2007年9月号掲載
実戦 人材開発の教科書 あなたの会社の「社員」は育っていますか
著者紹介
概要
団塊世代の定年退職、人口減少に伴う労働人口の減少などにより、人手不足の時代がやってくる。経営資源の3要素、ヒト、モノ、カネのうち、最も重要なヒトが少なくなる ―― 企業にとり死活問題といえるこの事態に対し、著者は、今こそ経営者主導で「社員を育てる経営」を行うべきだと主張。そのスタンスから、人材開発を行う上での最重要ポイントを解説する。
要約
「社員を育てる経営」とは何か
「人材開発重視」—— 恐らく多くの企業の経営方針に、こう掲げられているだろう。しかし、このフレーズほど当てにならないものはない。
確かに人事に関する企業の関心は、人材開発へ向かいつつある。だが、その運用は人材開発部門や現場の管理者に任せきりだったり、単に研修を行うだけで満足してしまっているケースも多い。
それは、人材開発が本当の意味での経営課題になっていないからだ。
団塊世代の定年退職、人口の減少などの影響で、これからは過去に例を見ないくらい人材開発力が企業経営の成功を左右する時代がやってくる。

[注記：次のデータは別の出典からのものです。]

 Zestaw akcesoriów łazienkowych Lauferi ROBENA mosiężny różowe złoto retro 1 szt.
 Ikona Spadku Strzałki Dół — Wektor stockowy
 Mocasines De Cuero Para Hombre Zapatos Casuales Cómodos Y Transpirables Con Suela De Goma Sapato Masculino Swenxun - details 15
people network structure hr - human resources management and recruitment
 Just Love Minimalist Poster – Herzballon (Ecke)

今こそ、経営者主導の人材開発体制を構築し、「社員を育てる経営」を実行すべき時である。
人材開発の「PDCA」を回す
多くの企業では、何らかの社員教育を行っている。問題はそれが経営レベルの課題になっているか、また、「PDCA」を回して継続的に改善を行える仕組みになっているかということだ。

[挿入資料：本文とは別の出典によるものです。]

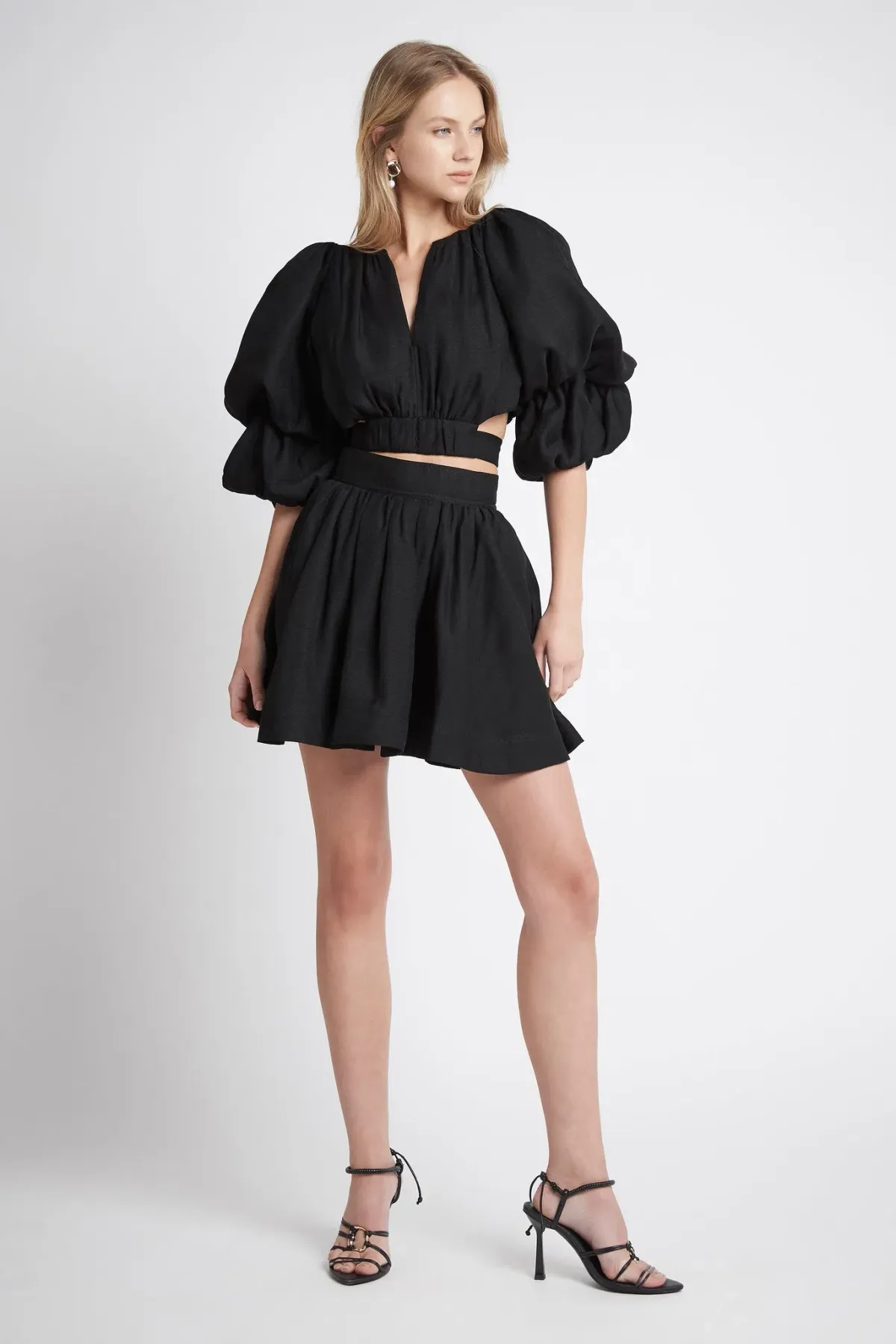 Aje Impression Top Black Size 8 for rent on The Volte - main image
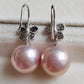 11.4mm Genuine freshwater pearls 'Flowers' earrings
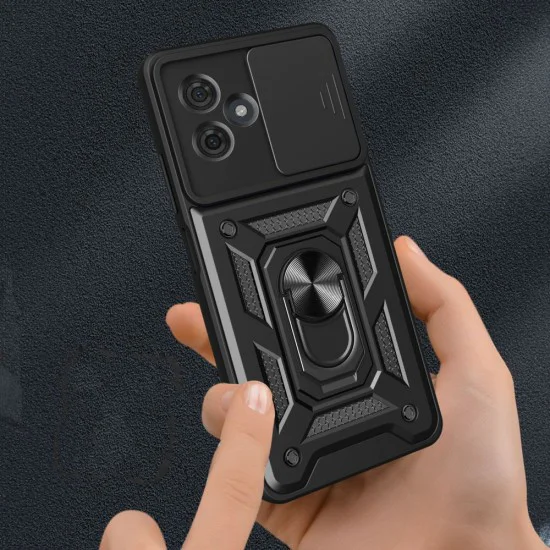 Калъф за Motorola Moto G54 - CamShield Series - черен
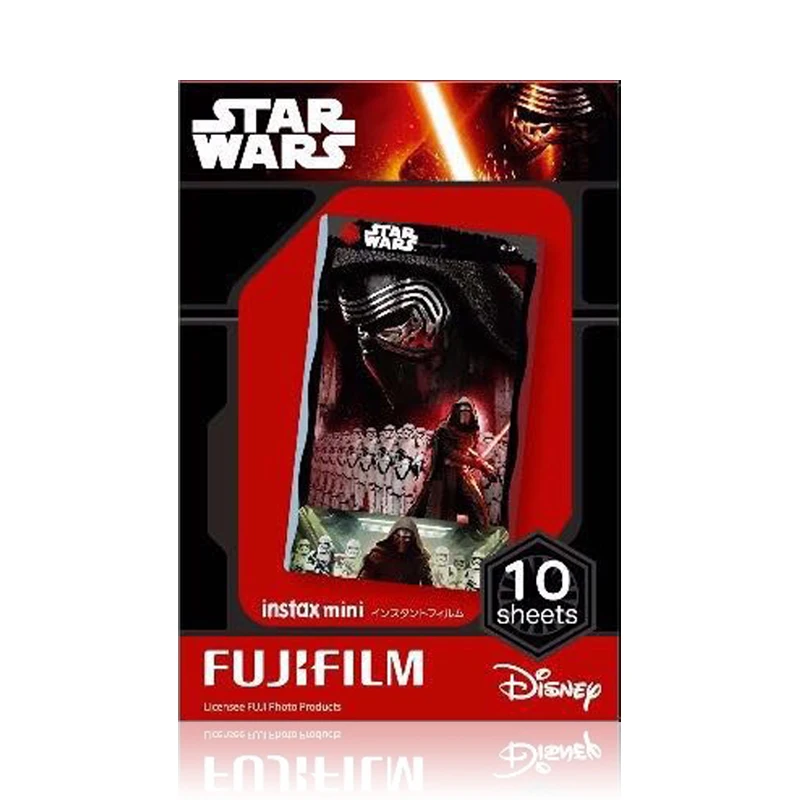 

Fujifilm Instax Mini Star Wars Limited Edition Instant 10 Film for Fuji Mini 7s 8 8+ 9 25 50s 70 90 300 SP-1 2 Printer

つまり、経営トップが責任を持って人材開発のPDCAを回すこと、すなわち、次の6つのステップを順序よく回すことが大事なのである。
①人材要件を定義する(Plan)
会社が社員に期待する能力要件、行動要件や成果を定義する。
②ギャップを分析する(Plan)
理想(会社が期待する人材要件)と現実(社員の現状レベル)のギャップを分析する。
③教育体系を整備する(Plan)
理想と現実のギャップを埋めるための教育体系を整備する。
④教育を実施する(Do)
⑤効果を測定する(Check)
期待する人材要件に照らして、どれだけ改善されたかという視点で教育の効果を測定する。